When I was in elementary school, we played a sort of "mass soccer" at recess. "Mass soccer" consisted of what seemed at the time to be hundreds of screaming children chasing around a soccer ball in a totally "Lord of the Flies" like bastardization of the Great Game. No passing. No goaltenders. No strategy. And this mad drama played itself out week-daily at noon on a soccer field that, in my child's perception, seemed as big as the state of Vermont.

That's a lot like what my jiu jitsu is too often like these days. A flailing around of half-moves and hesitations that manages to tax my cardio more effectively than my sparring partner's defenses. I'm wasting too much energy with too much movement that isn't specifically geared toward getting me where I want to be.

This has been a chronic issue I've noticed over the past several weeks as I've gotten my training pace back on track.

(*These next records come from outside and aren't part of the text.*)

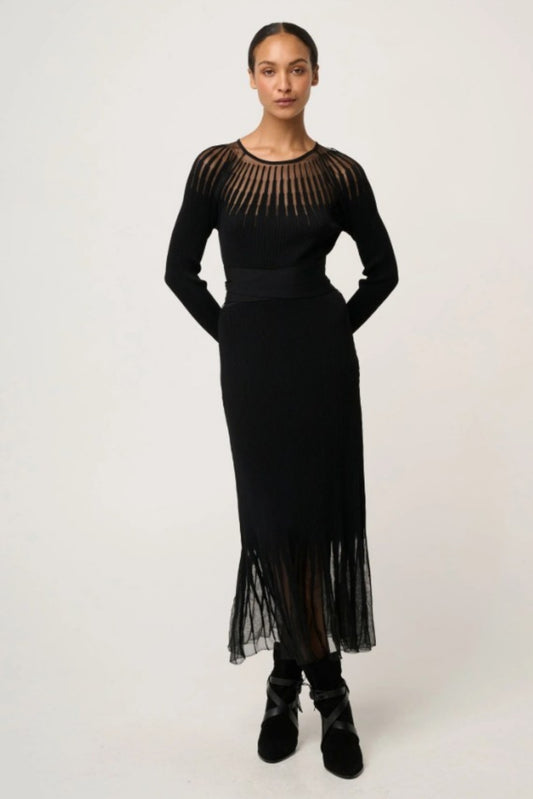 ONCE WAS RHIANNON VISCOSE NYLON SHEER NECKLINE DETAIL KNIT DRESS BLACK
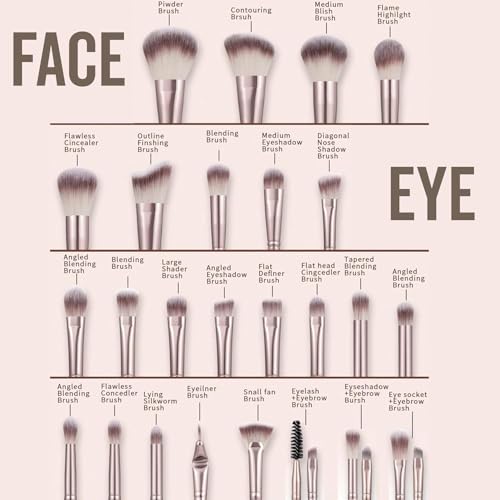 HGHDBT 44Pcs Brown Makeup Brushes Set Professional Makeup Kit Multi-functional Makeup Tool Set with Facial Makeup Accessories, Foundation Makeup Brush Kit Eye and Face Make up Brushes & Tools - color: Brown 30K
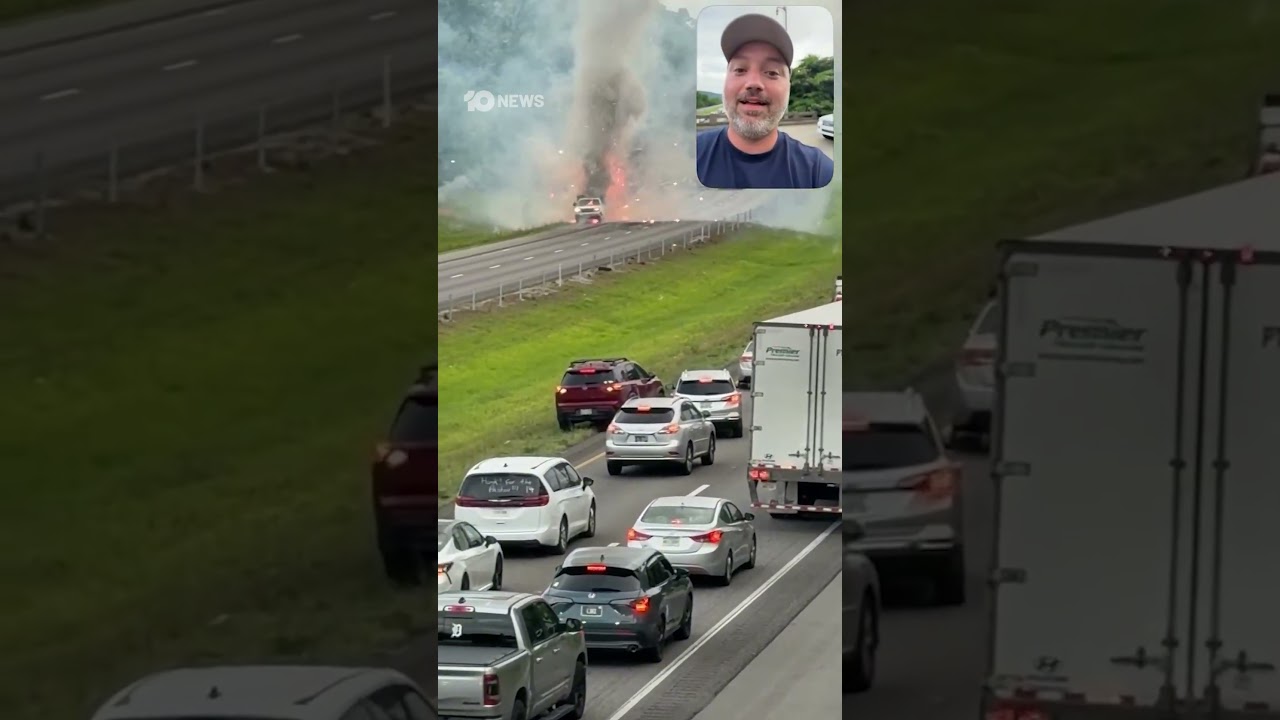 Fireworks Truck Erupts On US Highway | 10 News
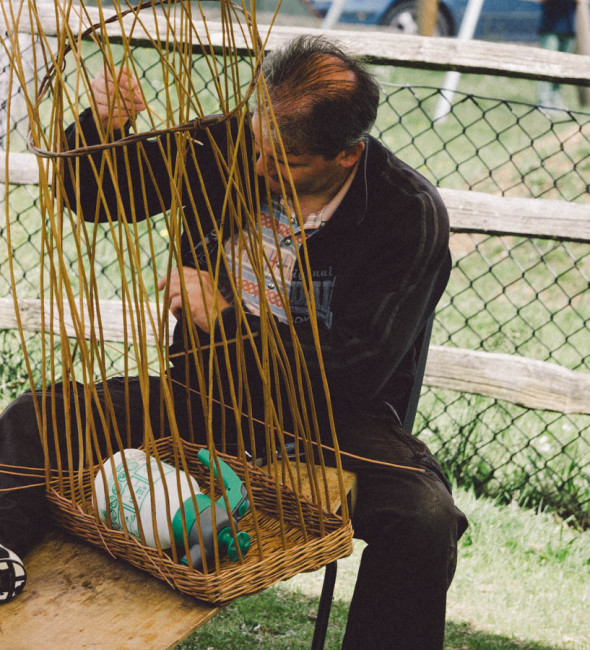 Basket weaving at village fair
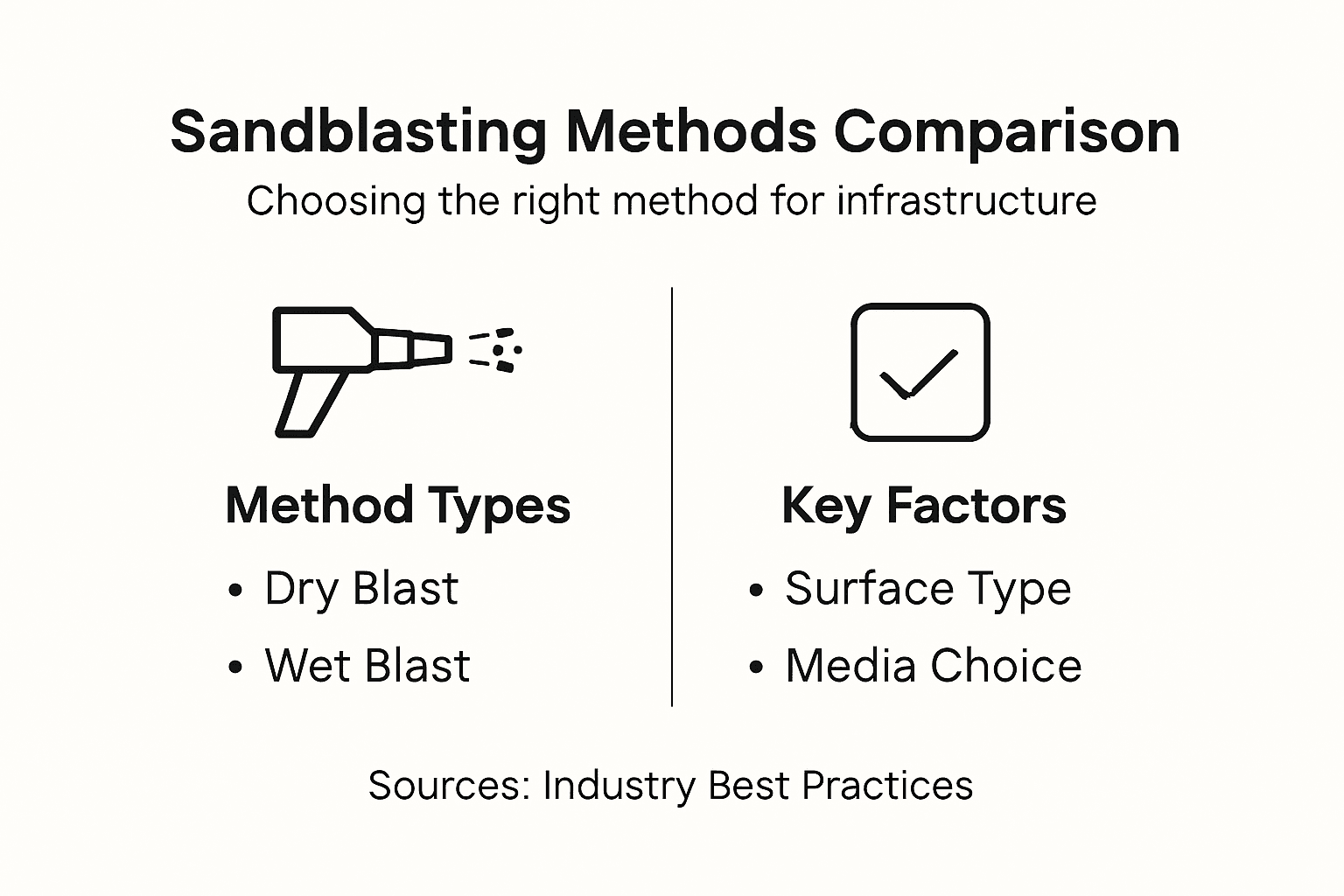 Infographic comparing sandblasting methods and factors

It's what's spurred me on toward making sure that the off-mat conditioning was in place. But more and more I realize that the issue isn't cardio, per se, but of the negative feedback loop of not fully executing any given plan (typically with either an attack that is too tentative (i.e., armdrags) or, on the other hand, not finishing a given move with the same zap that I started the move with (i.e., finishing from dominant positions like mount and the back).

I wrote about some of this in one of the Lessons from Live Training bits. There are trigger points, hubs from which I can follow a fairly familiar route toward my destination - be it escape, sweep, pass or submission. What I need to do a better job of is in getting to those hubs: the starting point for the Feitosa guard pass series, for instance, or my half guard replacement series, or my Roger Gracie mount choke finish - and not going any further until I have first reached that hub.

I remember Mamazinho years ago saying something about passing the guard, the idea that you can "always go back and start over." I've had a tendency to get deep in the woods and stay deep in the woods - relying on wits, reflexes (and cardio) instead of working my way back to a familiar post and then resuming the trail from there. More than anything else, I think this is what is killing me in training, and something to work on and correct as my training pace starts to pick up heading into the fall.

Now is the time to slow the game down.